▶ **WHAT THE TASK REQUIRES**: Beginning with the top line of the listing below, give again every line up to and including the line with "bathroom featuring washing"; pictures do not belong in the copy.

▶ **SOURCE MATERIAL**:
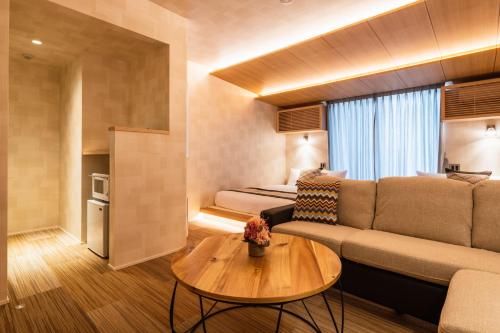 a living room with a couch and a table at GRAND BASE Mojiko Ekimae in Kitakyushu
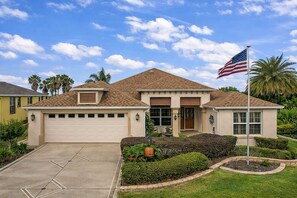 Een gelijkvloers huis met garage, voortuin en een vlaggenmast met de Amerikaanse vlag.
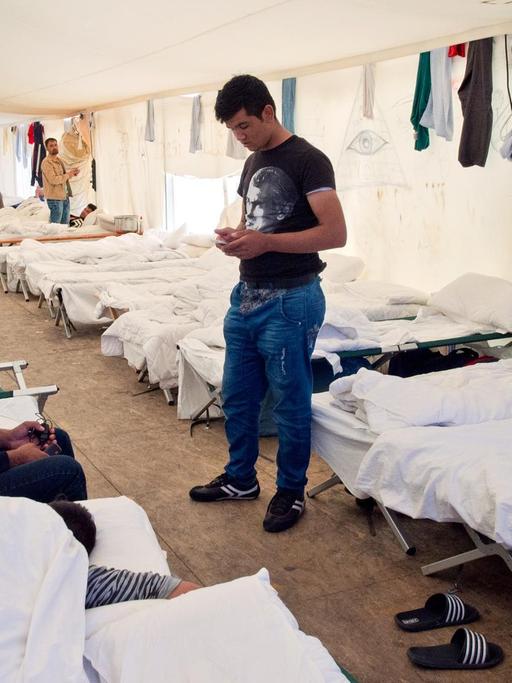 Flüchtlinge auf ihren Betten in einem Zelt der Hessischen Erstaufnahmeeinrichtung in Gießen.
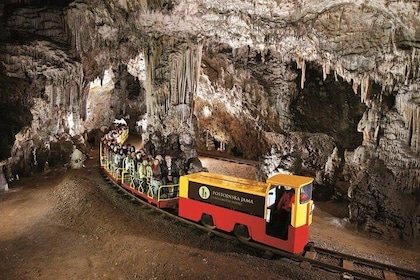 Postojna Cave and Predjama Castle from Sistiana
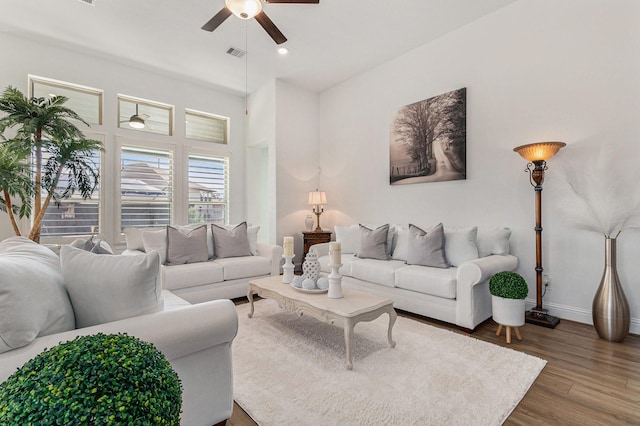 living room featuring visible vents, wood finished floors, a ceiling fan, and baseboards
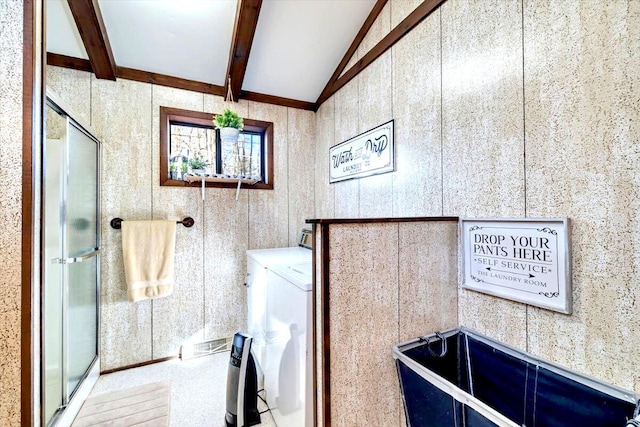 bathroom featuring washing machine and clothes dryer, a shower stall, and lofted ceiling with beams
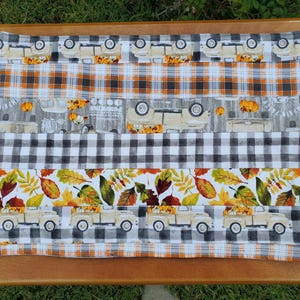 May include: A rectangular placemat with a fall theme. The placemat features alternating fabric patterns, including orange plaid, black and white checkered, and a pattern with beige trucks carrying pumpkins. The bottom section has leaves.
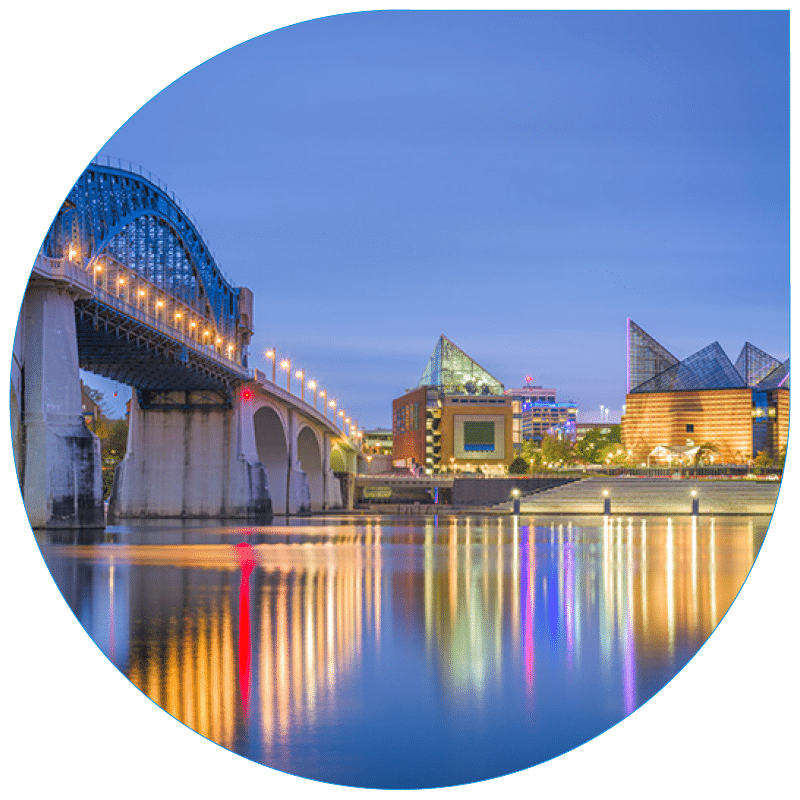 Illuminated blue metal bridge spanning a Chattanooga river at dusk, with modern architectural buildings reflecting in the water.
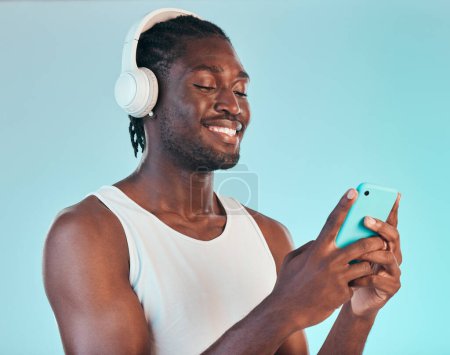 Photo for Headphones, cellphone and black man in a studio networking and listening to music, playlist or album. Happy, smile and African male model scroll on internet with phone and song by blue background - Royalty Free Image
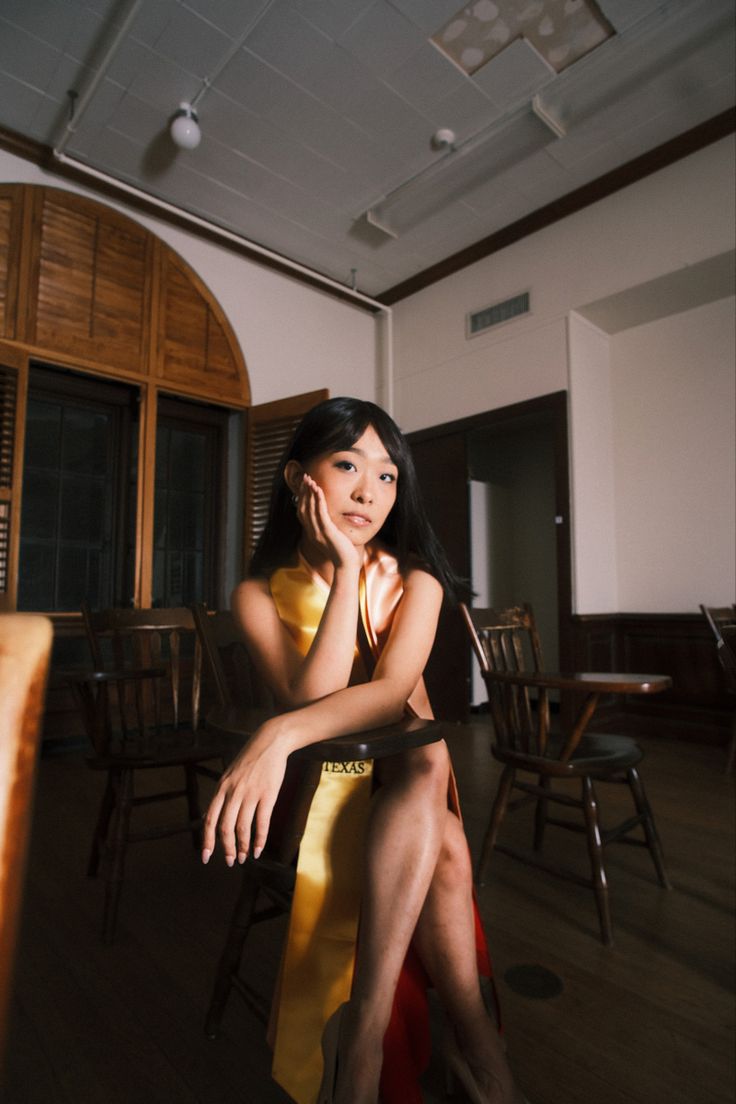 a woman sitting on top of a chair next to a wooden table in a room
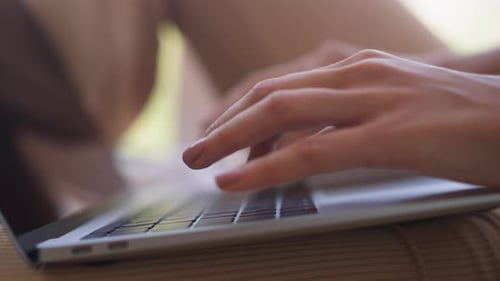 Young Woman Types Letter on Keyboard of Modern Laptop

▶ **YOUR RESPONSE**:
 a living room with a couch and a table at GRAND BASE Mojiko Ekimae in Kitakyushu
 Een gelijkvloers huis met garage, voortuin en een vlaggenmast met de Amerikaanse vlag.
 Flüchtlinge auf ihren Betten in einem Zelt der Hessischen Erstaufnahmeeinrichtung in Gießen.
 Postojna Cave and Predjama Castle from Sistiana
 living room featuring visible vents, wood finished floors, a ceiling fan, and baseboards
 bathroom featuring washing machine and clothes dryer, a shower stall, and lofted ceiling with beams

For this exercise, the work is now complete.